In addition, on older Core 2 processors, XXH32a and XXH64a will be faster than XXH64. Performance is still acceptable, and XXH64 will be significantly faster on newer machines.

XXH64a will almost always be faster than XXH64 on 32-bit targets, even with vectorization disabled. This is because it uses native 32-bit arithmetic.

For maximum portability, use XXH32. XXH32 is fully C89 conformant, and will work on any machine.

For short inputs shorter than a few hundred bytes, use XXH32 as well.

For longer inputs, the options open up.

If you know for sure that your code will be compiled on a modern 64-bit target, XXH64 is recommended. Keep in mind that 32-bit targets typically have results 50-75% slower than XXH32.

XXH32a and XXH64a mostly rely on GCC/Clang's __attribute__((__vector_size__(16))) extension to use clean vectors at the cost of requiring GCC or Clang. To disable this behavior and use a plain array, define XXH_VECTORIZE=0. Similarly, to forcibly enable it, define XXH_VECTORIZE=1. If GCC or Clang is detected and the compiler is targeting ARM NEON or SSE4.1, this will be automatically enabled.

The reason for this choice instead of using all intrinsics, is to improve readability (intrinsics aren't very expressive), improve portability (GCC and Clang will convert the vector code to normal code if the target does not support it), and reduce code blocks like this as much as possible.

#ifdef __SSE4_1__
    __m128i inp = _mm_loadu_si128(p);
    ...
#elif defined(__ARM_NEON__)
    uint32x4_t inp = vld1q_u32(p);
    ...
#else
    v[0] = XXH32_round(v[0], XXH_get32bits(p)); p+=4;
    ...
#endif

There are already enough duplicated code blocks (mostly to bypass checking for alignment and endianness).

Some intrinsics are used for when there are faster options that the compiler will not recognize, such as forcing the "rotate left" code to produce a vsliq_n_u32 instruction instead of vshlq_n_u32 followed by vorrq_u32 on ARM NEON, however, they are only to be used when there is a significant benefit.

If you want a consistent 64-bit hash that is fast on 32-bit and 64-bit, use XXH64a. XXH64a will not see massive performance gains over XXH32 like XXH64 sees, but it is one of the only 64-bit hashes that is actually fast on 32-bit systems, and is still going to be faster than XXH32 on longer inputs with supported vectorization.

XXH32a is also a good option for longer inputs.

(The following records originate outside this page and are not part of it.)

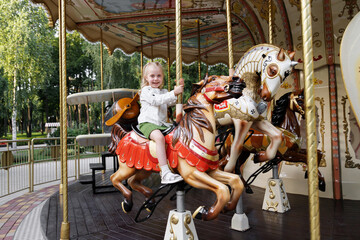 little girl on the carousel in the summer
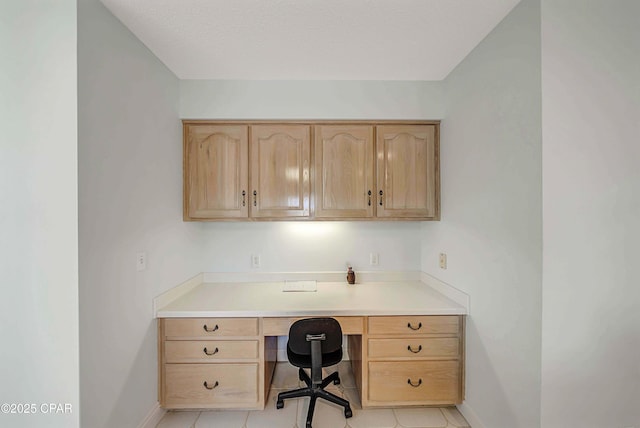 office with built in desk and light tile patterned floors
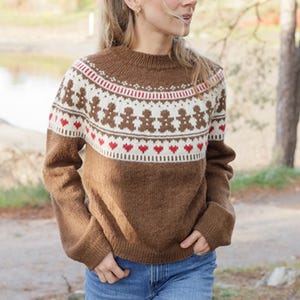 May include: Brown sweater with a round neck and long sleeves. The sweater features a white band with red accents and gingerbread man figures. Below the band is a row of red hearts. The model is wearing blue jeans.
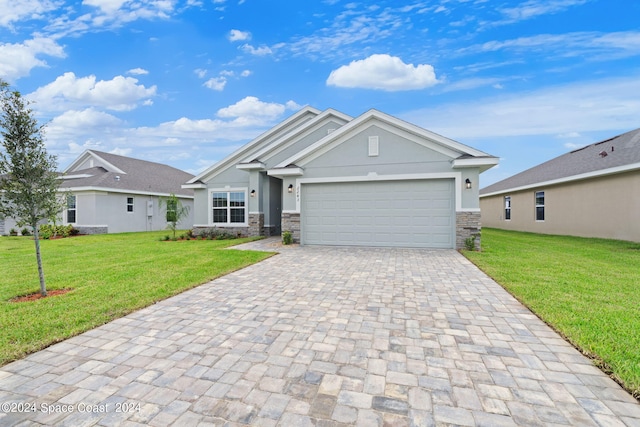 view of front of property featuring a garage and a front lawn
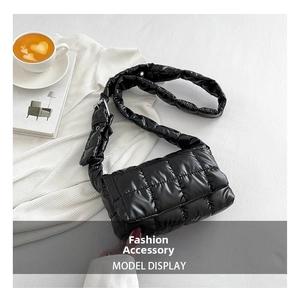 Close-up of black quilted puffer crossbody bag with shiny nylon finish and wide strap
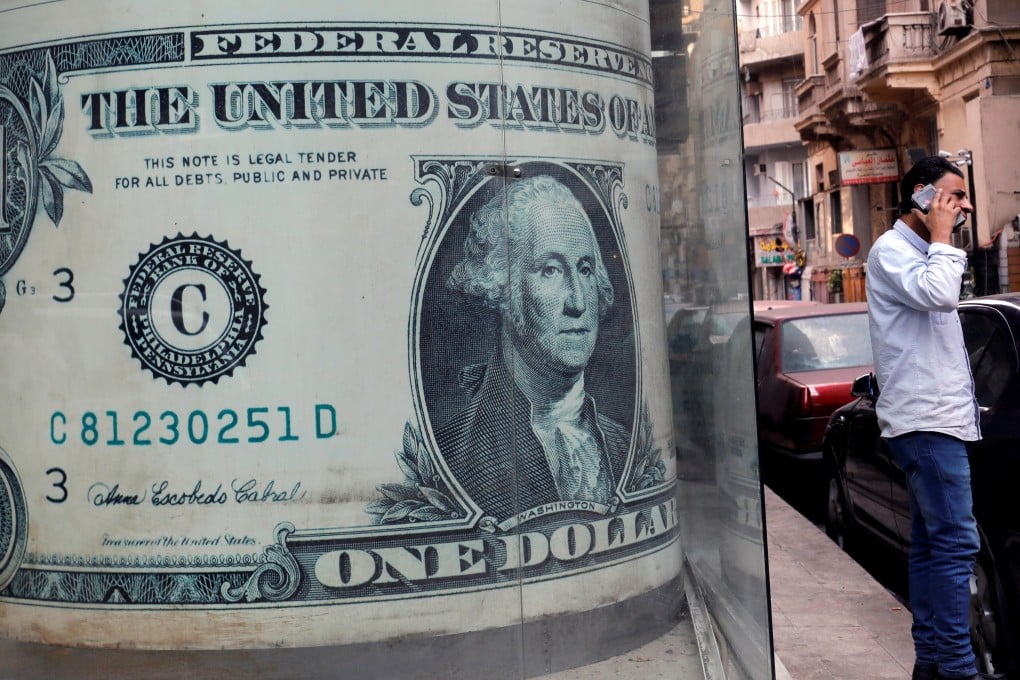 A man talks on his mobile phone in front of a currency exchange bureau advertisement showing images of the US dollar in Cairo. The dollar has had a good run for its money over the past few years on the strength of the “Trump effect”. Photo: Reuters
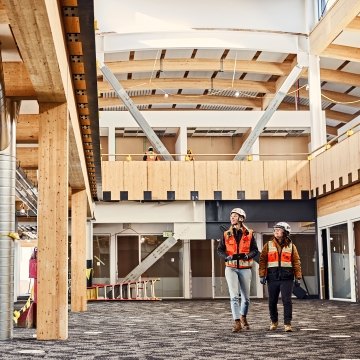 Two people wearing PPE and walking through a jobsite 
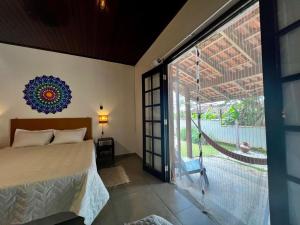 Linda casa confortável e tranquila ao lado da praia de Itamambuca , Pet friendly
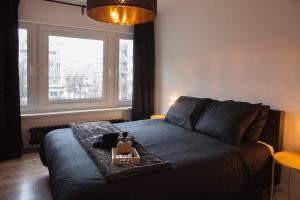 a bedroom with a bed with a tray on it at Stylish Central Flat, Steps to Beach in Ostend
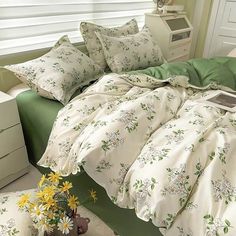 a bed with white sheets and green comforter next to a vase filled with yellow flowers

SMHasher speed test, compiled using GCC 4.8.2, on Linux Mint 64-bit. The reference system uses a Core i5-3340M @2.7GHz

Version Speed on 64-bit Speed on 32-bit
XXH64 13.8 GB/s 1.9 GB/s
XXH32 6.8 GB/s 6.0 GB/s

This project also includes a command line utility, named xxhsum, offering similar features as md5sum, thanks to Takayuki Matsuoka contributions.

License

The library files xxhash.c and xxhash.h are BSD licensed. The utility xxhsum is GPL licensed.

Build modifiers

The following macros can be set at compilation time, they modify xxhash behavior. They are all disabled by default.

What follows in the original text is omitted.